TASK DESCRIPTION:
Go to the line containing "Black and Rose Gold Net Head Fiber Man" below; retype it and all following lines exactly, and leave out the pictures.

DATA EXTRACT:
----------------------------------------

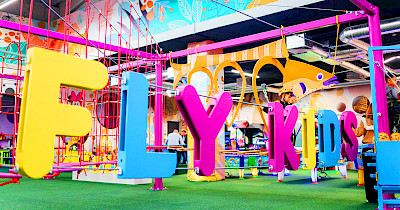 Мережа дитячих розважальних центрів Fly Кids: робота в умовах війни і плани на 2023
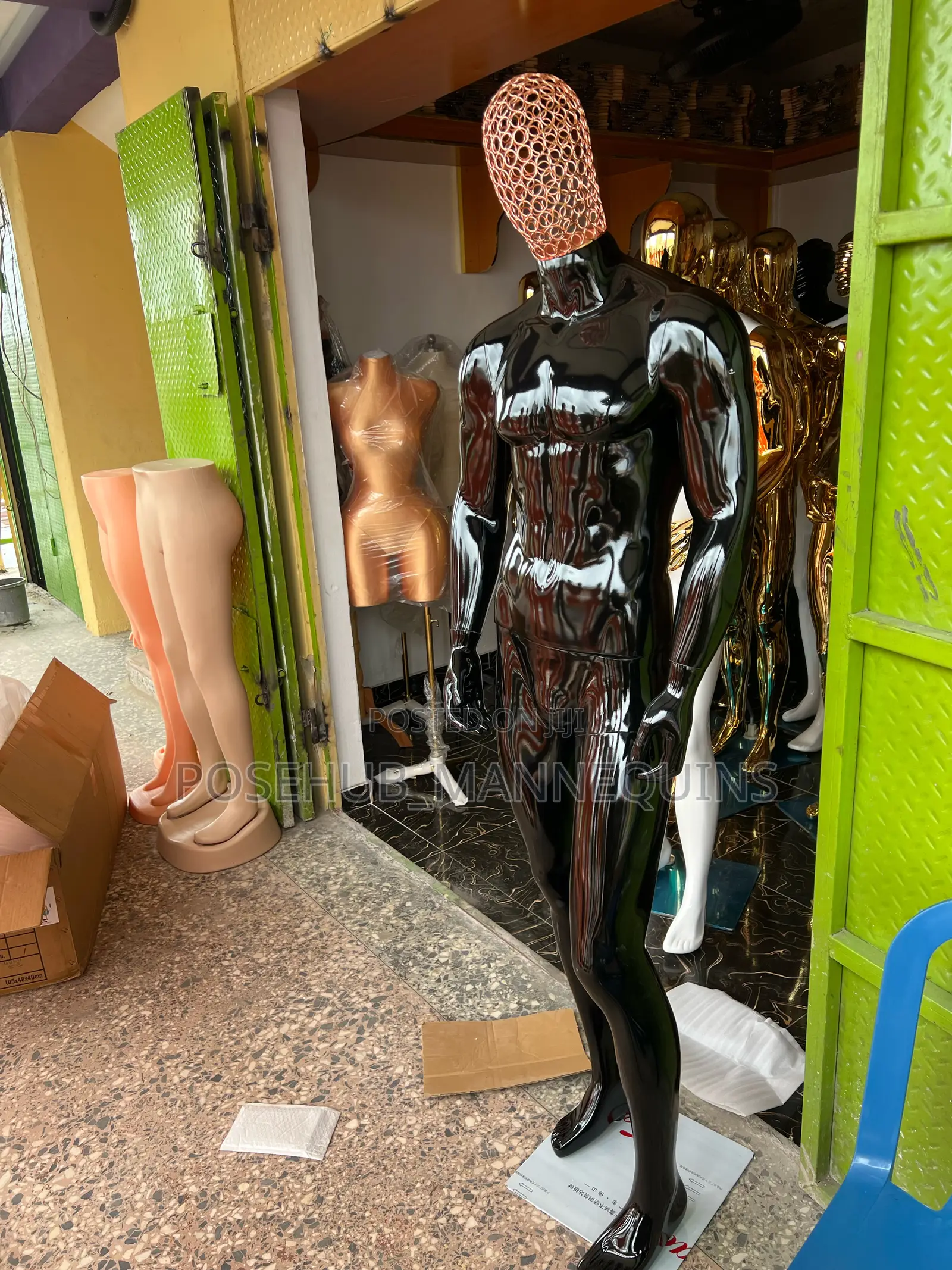Black and Rose Gold Net Head Fiber Man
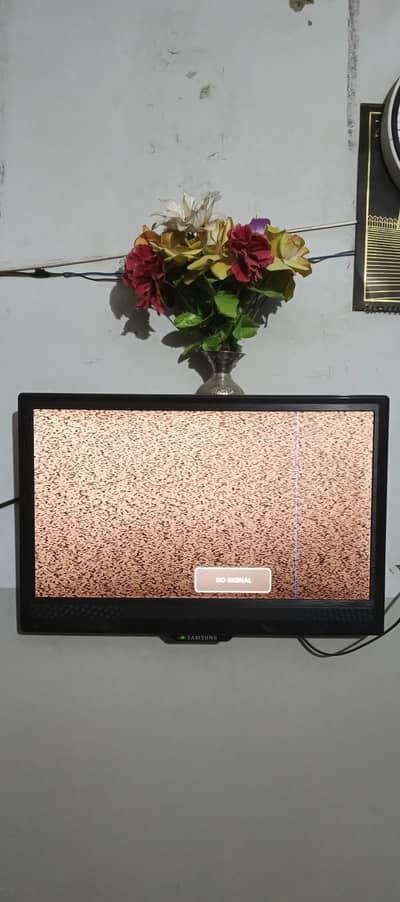 SIMPLE LED TV
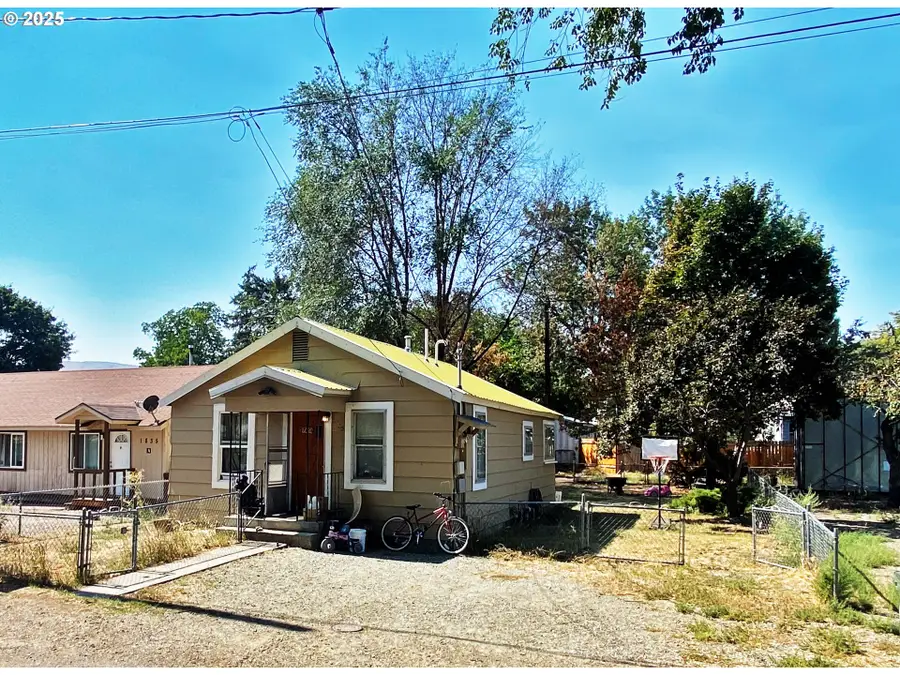 1925 Grove St, Baker City, OR 97814 - Image #2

----------------------------------------

ANSWER TO THE EXERCISE:
Black and Rose Gold Net Head Fiber Man
 SIMPLE LED TV
 1925 Grove St, Baker City, OR 97814 - Image #2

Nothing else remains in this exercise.